[sdp] large and multi-lingual collections of semantic dependency graphs

Stephan Oepen oe at ifi.uio.no
Sat Jun 25 00:07:12 CEST 2016


dear colleagues,

we are happy to announce the general availability of a large and
carefully curated collection of target representations for Semantic
Dependency Parsing (SDP), which have previously been used in
connection with the 2014 and 2015 Semantic Evaluation Exercises
(SemEval).  these representations take the form of bi-lexical semantic
dependency graphs, where nodes are comprised of surface tokens, and
binary, asymmetric dependency edges encode predicate–argument
structure.

unlike common target representations in syntactic dependency parsing,
the SDP graphs relax standard structural constraints on syntax trees,
i.e. they need not be singly-rooted, allow re-entrancies (argument
sharing across predicates) and crossing edges, and can leave
semantically vacuous tokens unconnected.  at the same time, these
graphs are less partial than typical target representations in
semantic role labeling, providing predicate–argument relations for all
content words.

the SDP semantic dependency graphs are grounded in formal linguistic
theory, viz.
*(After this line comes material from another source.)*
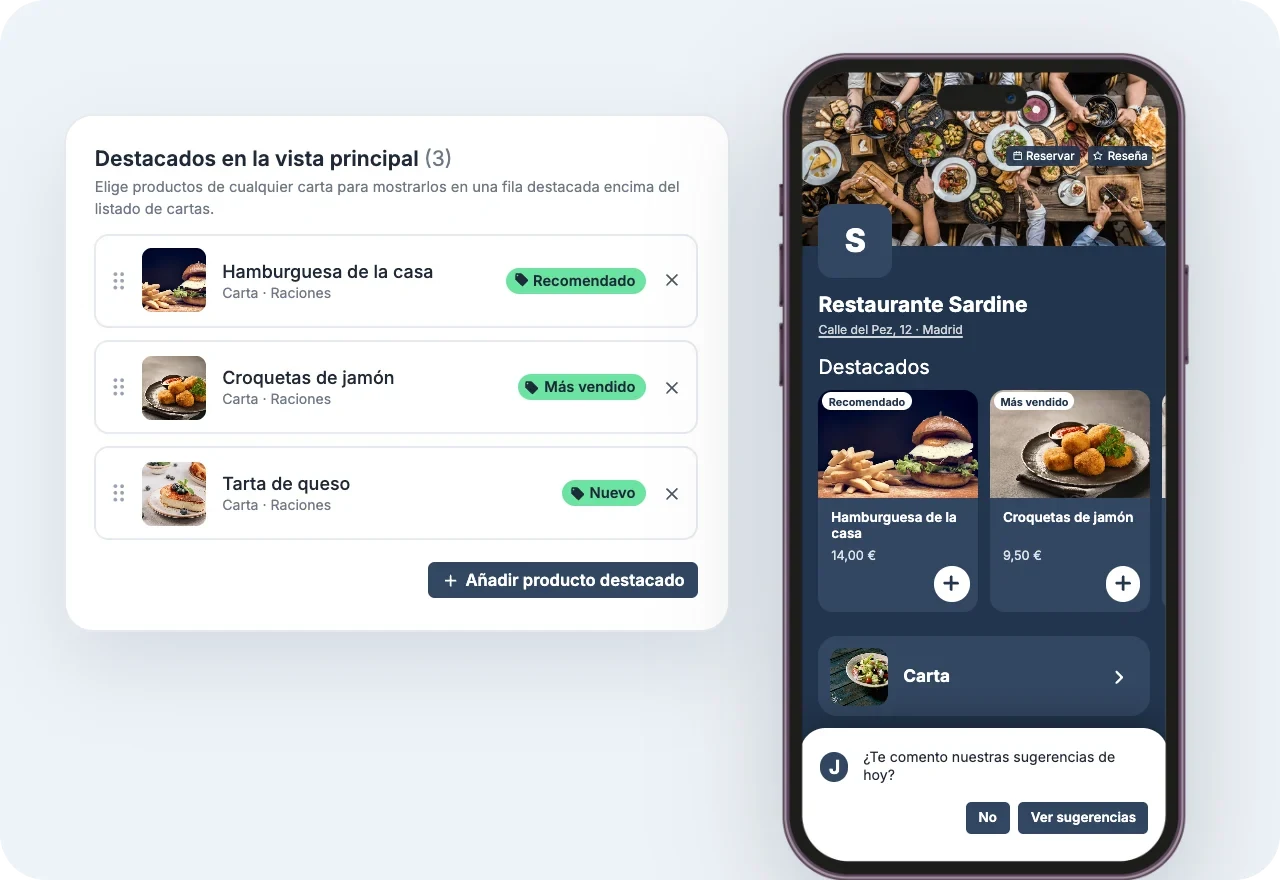 Vender más con IA: destacados, sugerencias y chef virtual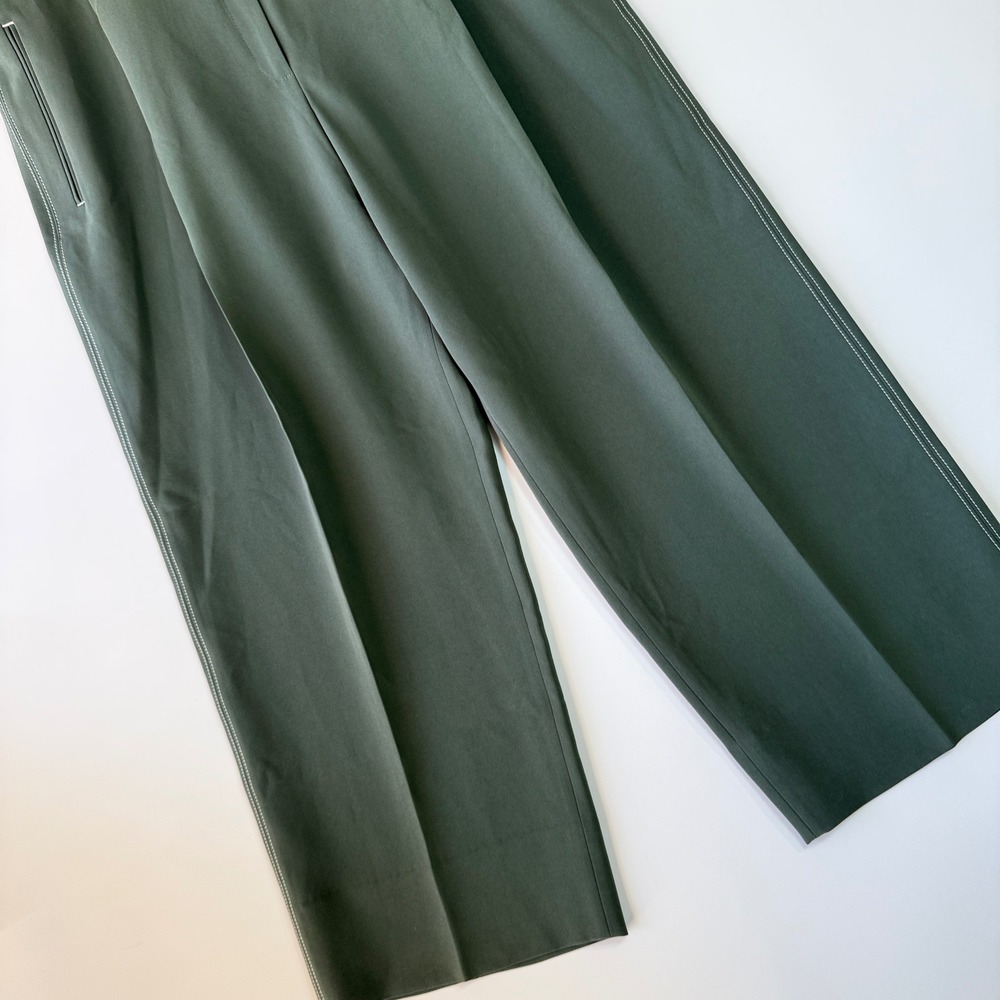 M.M.LaFleur Arlo Breeze Pant Women 16 Dusty Pine Wide Leg Everyday Crepe Cropped - Picture 4 of 16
Combinatory Categorial Grammar (CCG), Functional
Generative Description (FGD), and Head-Driven Phrase Grammar (HPSG).
for English, SDP provides four parallel (sentence- and token-aligned)
annotations for some 900,000 tokens of running text from the venerable
WSJ and Brown corpora.  comparable data volumes are available for
Chinese and Czech, albeit in only one target representation each.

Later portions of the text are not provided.